Économie : le mirage chinois

Dominique Bilde

Tribune libre

07 novembre 2018

Tribune libre de Dominique Bilde, Député français au Parlement Européen

« Si l’on savait que la France était reconnue dans le monde entier pour le luxe, le vin ou le tourisme, on ignore sans doute qu’elle est particulièrement réputée pour la qualité de la formation de ses apprentis » s’extasiait le Républicain Lorrain le 24 octobre 2018, à l’occasion de l’ouverture en partenariat avec le pôle formation des industries technologiques de Lorraine d’un centre d’apprentissage dans la province de Shanghaï.

Mais si notre canard local croit bon de pousser un cocorico et de s’émerveiller de cet hommage rendu à l’excellence française, ce coup de pouce aux entreprises candidates à la délocalisation est au contraire plus que malvenu.

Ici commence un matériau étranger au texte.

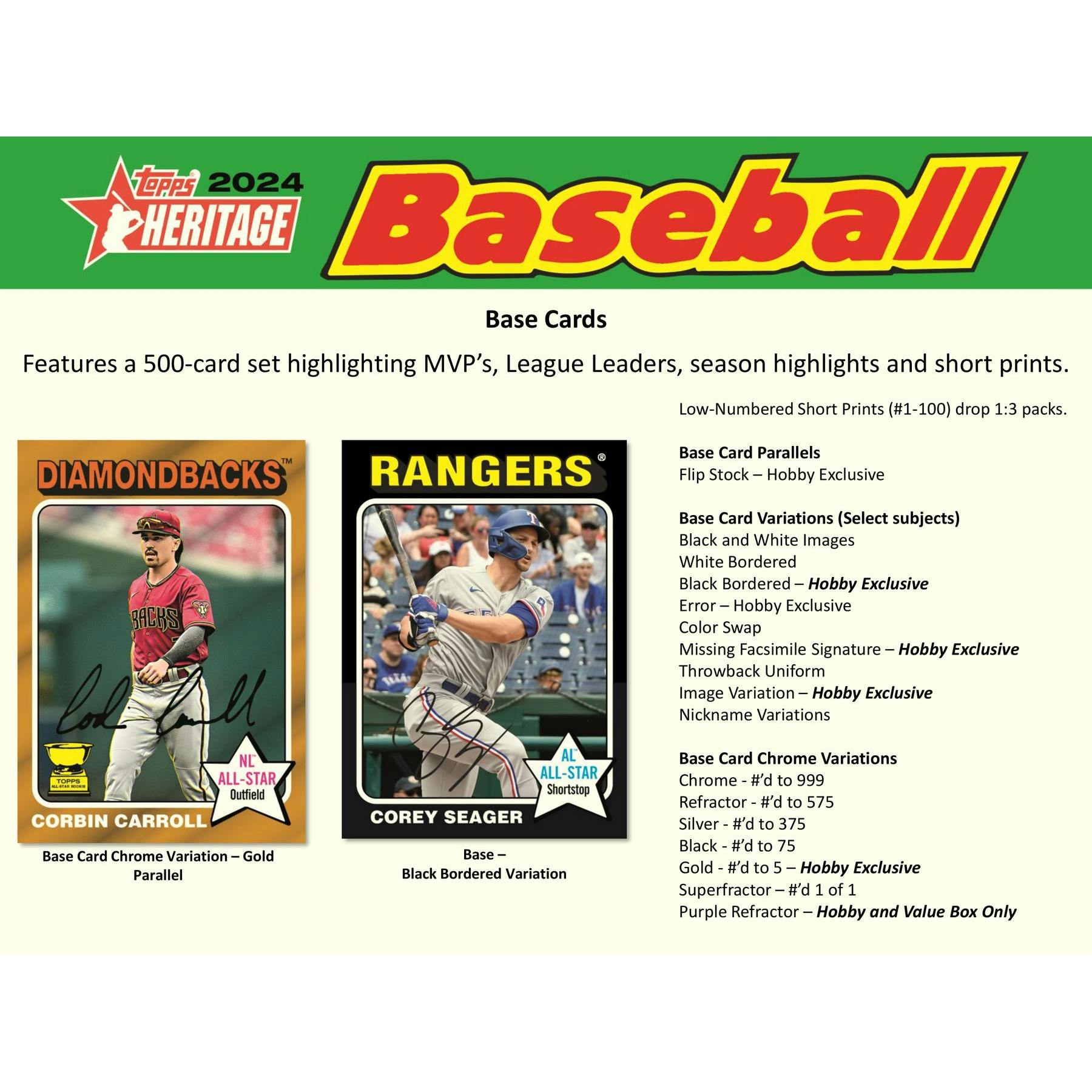 2024 Topps Heritage Baseball Hobby 12-Box Case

Ce n’est d’ailleurs pas tout, les chambres de commerce et d’industrie étant aux petits soins pour des investisseurs parfois effarouchés par les « différences culturelles et comportementales » chinoises. On apprenait ainsi en 2012 que « la CCI [a] établi une base avancée à Shangaï, avec un ingénieur chargé de prospecter pour des entreprises lorraines ».

Si la région Grand Est, qui a signé récemment un accord avec la province du Sichuan, feint de considérer cette collaboration comme gagnant-gagnant en exaltant l’arrivée providentielle du fameux « investisseur chinois », les chiffres et les faits sont têtus.

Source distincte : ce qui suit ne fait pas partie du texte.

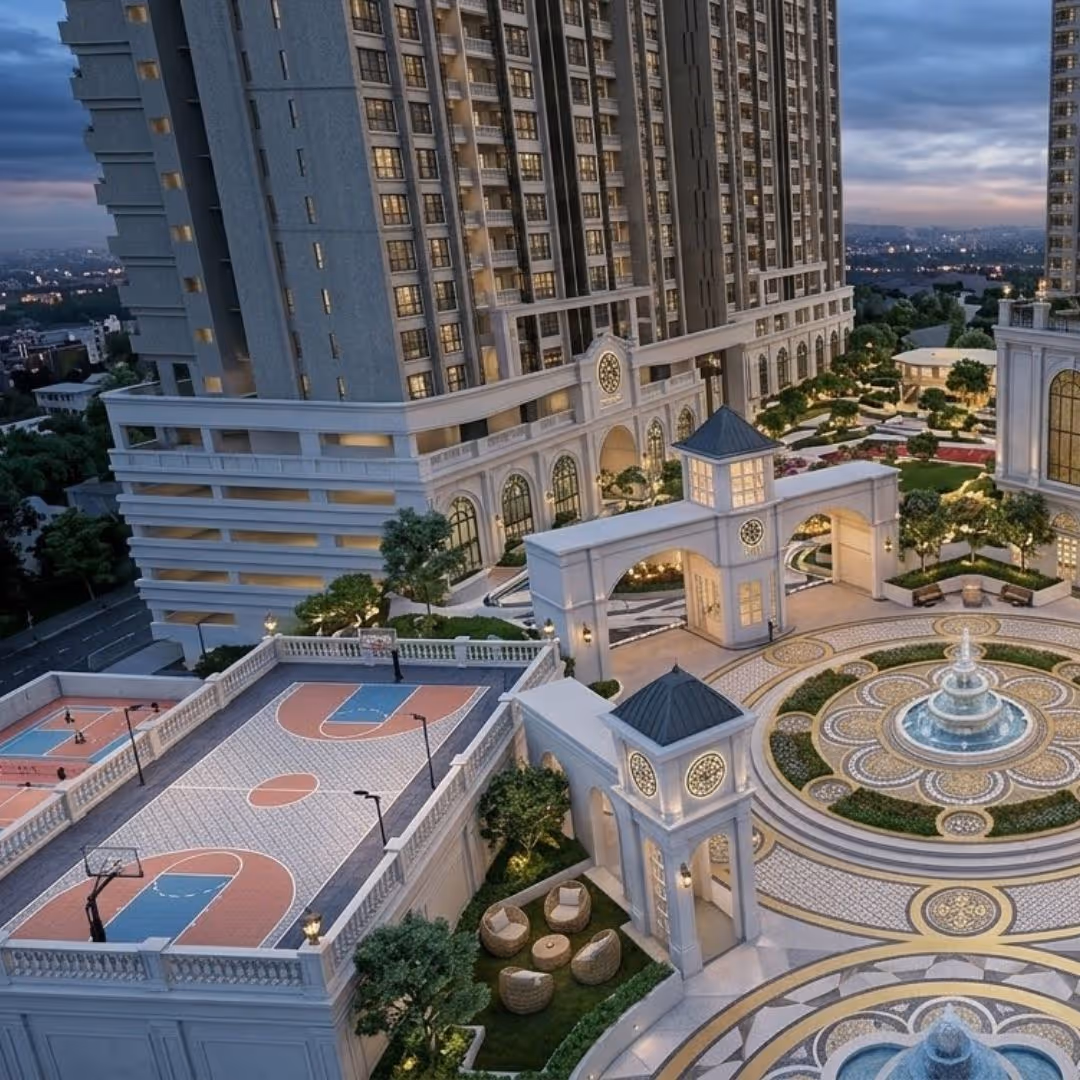 Poolside sun decks and relaxation zone at Tuan Straits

Car non seulement la Chine représente le premier déficit commercial de la région, mais bien des projets mirifiques se sont révélés être des flops retentissants. Quid par exemple du « gigantesque centre d’affaires » TerraLorraine ?  Censé créer 30 000 emplois à terme -et en détruire sans doute davantage-, le « pont entre l’Europe et la Chine » s’est finalement échoué en catimini dans un petit entrepôt de Metz-Actipôle.

L’espoir a été également vite douché s’agissant de la production d’ampoules LED à Verdun, annoncée en grande pompe le 21 mars 2016 par Manuel Valls. Les promesses de cent millions d’euros d’investissement et de 200 emplois étaient déjà envolées l’année suivante, aucun permis de construire n’ayant été déposé. Quant au joyau national de Baccarat, il s’en est fallu de près d’un an pour conclure sa vente au Chinois Fortune Fountain Capital, à un prix d’ailleurs inférieur au cours de bourse. Les bonnes âmes qui ont bien voulu croire aux promesses d’investissement de « 20 à 30 millions d'euros » en seront probablement pour leurs frais.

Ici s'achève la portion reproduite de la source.